The next day was to be easy, with a 1 hour flight to Split in Croatia leaving at the civilized time of 11:25 am. We gave ourselves plenty of time, leaving the hotel at 8:20 to allow for the possible traffic snarls we made excellent time and found the Vueling Air counter to check in. Much to our horror, we had not booked ANY luggage. I say “We” but in reality it was down to Christine but we don’t need to dwell on that point. Being a low cost airline, luggage is not included. To book in luggage at checkin was going to cost us $A60 each. The nice girl at the counter suggested that we go away and purchase luggage check-in online, where it would only cost us $A20 a head. We sat while Christine played with the phone then presented again. “I can’t find any record of your payment,” said the girl. We retired for a second go. Christine’s creds were taking a beating at this stage. On third presentation, our luggage was checked in and it was off to find a boarding gate.
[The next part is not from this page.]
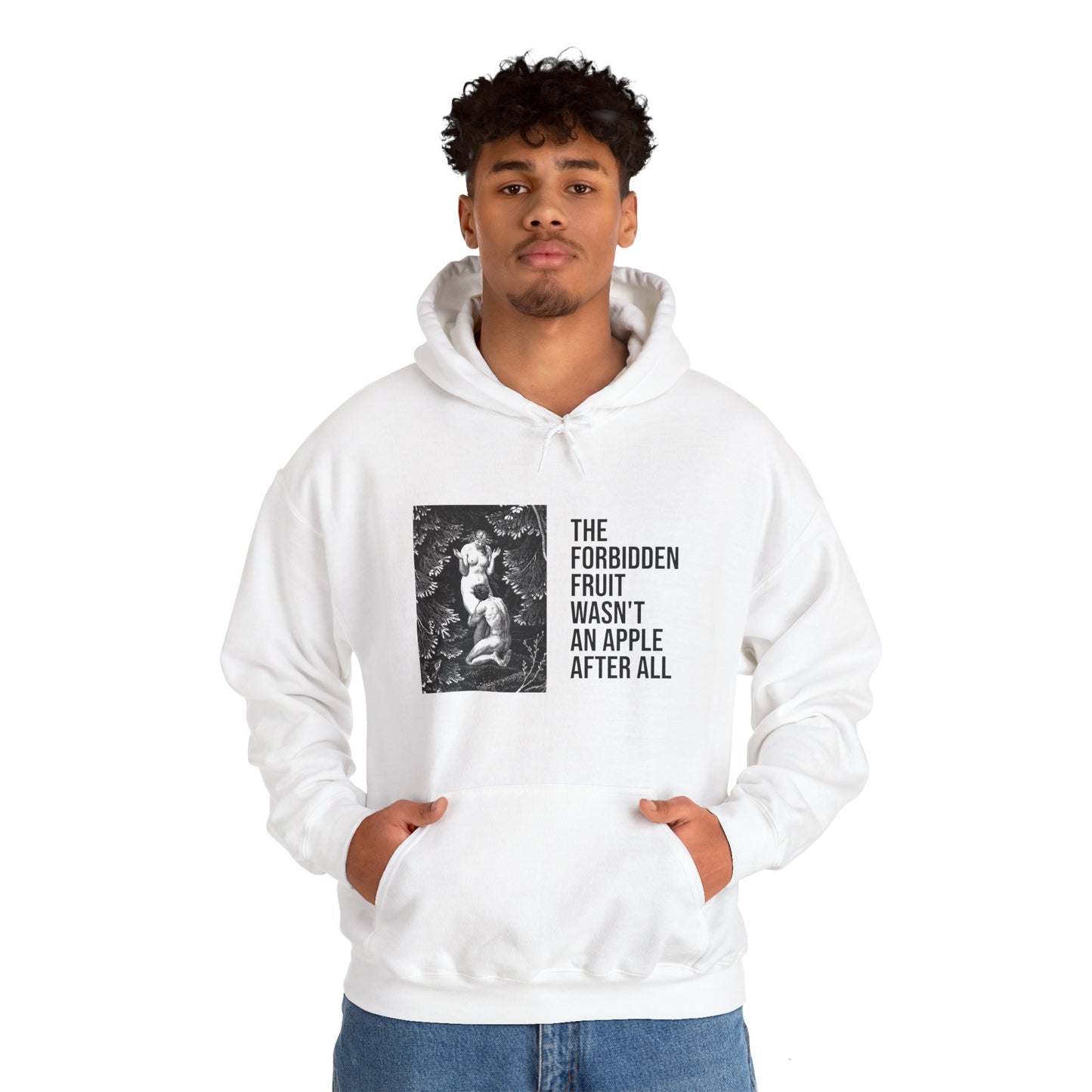 Hooded Sweatshirt- Adam and Eve in Paradise by Max Svabinsky
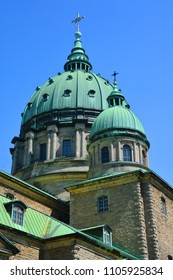 MONTREAL QUEBEC CANADA 06 12 17: Dome Of The Cathedral-Basilica Of Mary, Queen Of The World In Montreal, Quebec, Canada, Is The Seat Of The Roman Catholic Archdiocese Of Montreal.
We wandered the corridors, bought some duty free booze, made several wrong turns before finally finding gate E01 and getting on a bus to the plane. The flight was crazy short, up and over the calf of Italy and across the narrow Adriatic Sea to land in Split. Immigration was efficient and the luggage was quickly retrieved. Not so for everyone. A long line of people waiting at a small window was half the passengers on an Easyjet flight whose luggage had gone somewhere other than Split. A great start to their holiday.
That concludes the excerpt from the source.